Ever since the rise of Daesh as an internationally destabilizing threat in 2014, documentaries on the so-called Islamic Caliphate have been a constant on the festival circuit. Some like Bernard-Henri Lévy’s dreadful Peshmerga (2016) immerse the audience into the actual fighting, examining on-the-ground battlefield crises and the day-to-day struggles of the freedom fighters. Others like Matthew Heineman’s superb City of Ghosts (2017) examines the plight of the displaced and/or terrorized populations suffering under their rule from the perspective of the scant few who’ve escaped. Alba Sotorra’s Commander Arian: A Story of Women, War, and Freedom is both, mixing unnerving battlefield footage with introspective examinations of the psychological and physical toll suffered by the soldiers.

The film centers on the eponymous Arian Afrin, a commander in the Women’s Protection Unit (YPJ), a resistance army of Syrian-Kurdish women that arose in 2013. During an operation, Afrin’s unit was ambushed and she was shot five times by a combatant hiding in a hencoop. The bullets entered her spine, elbow, lung, and sacrum, necessitating a series of gruesome operations leaving her with a ghastly stomach scar not unlike one left by a cesarean. Several feet of intestines needed to be removed, and her bowels never fully healed, leaving her perpetually leaking urine and other fluids. The film opens with Afrin nearing the end of her convalescence as she reintegrates back into her unit as they begin their final push to retake the captured city of Kobane. Though she still hasn’t regained full use of her arms and retains a limp, she still joins her sisters-in-arms in deadly firefights. But the film is mostly interested in the still, quiet moments in between the fighting where Afrin sits, listens, tends her wounds, and eats her meals with her fellow women soldiers.

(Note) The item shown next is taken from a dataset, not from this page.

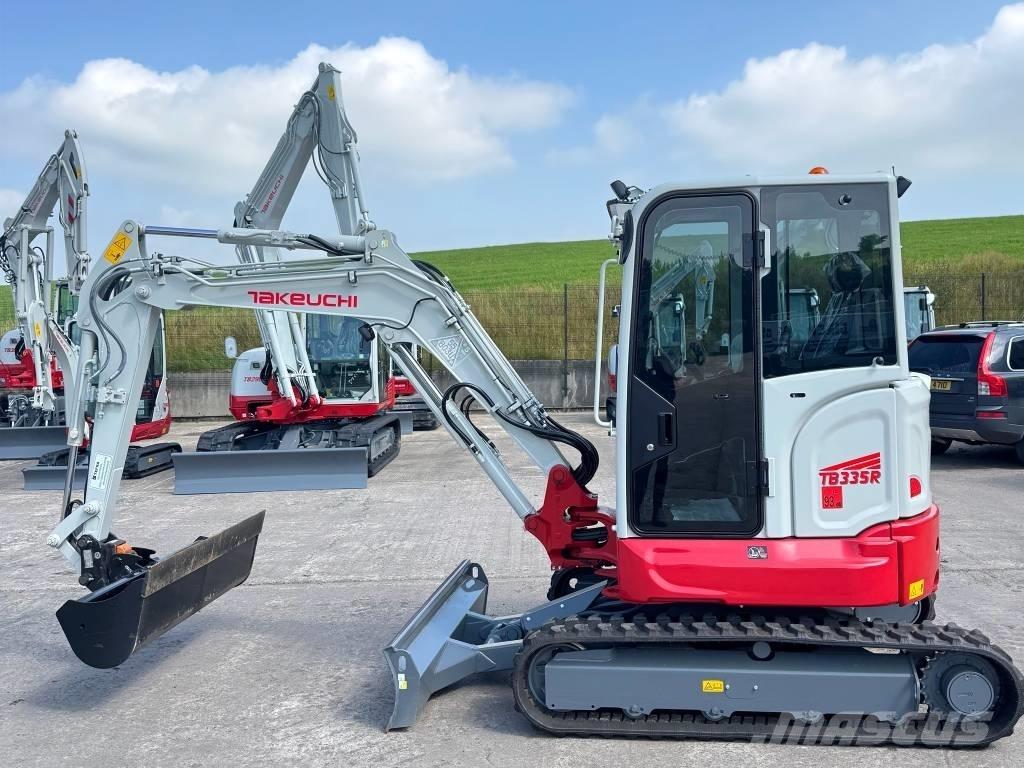 Takeuchi TB 335 R Minigravere <7t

As the title explains, this is a story of women, so even more than the combat footage—which Sotorra clearly risked her life for—the film concerns itself with their fears, memories, and hopes. What is it like to not just be a woman soldier, but a WOMAN in a world gone topsy-turvy from sectarian violence? Pointedly, there’s no sense of triumph at the end of the film, even when they retake Kobane. Instead there’s merely a sense of relief that it’s over and a tired determination that there’s still much more to do.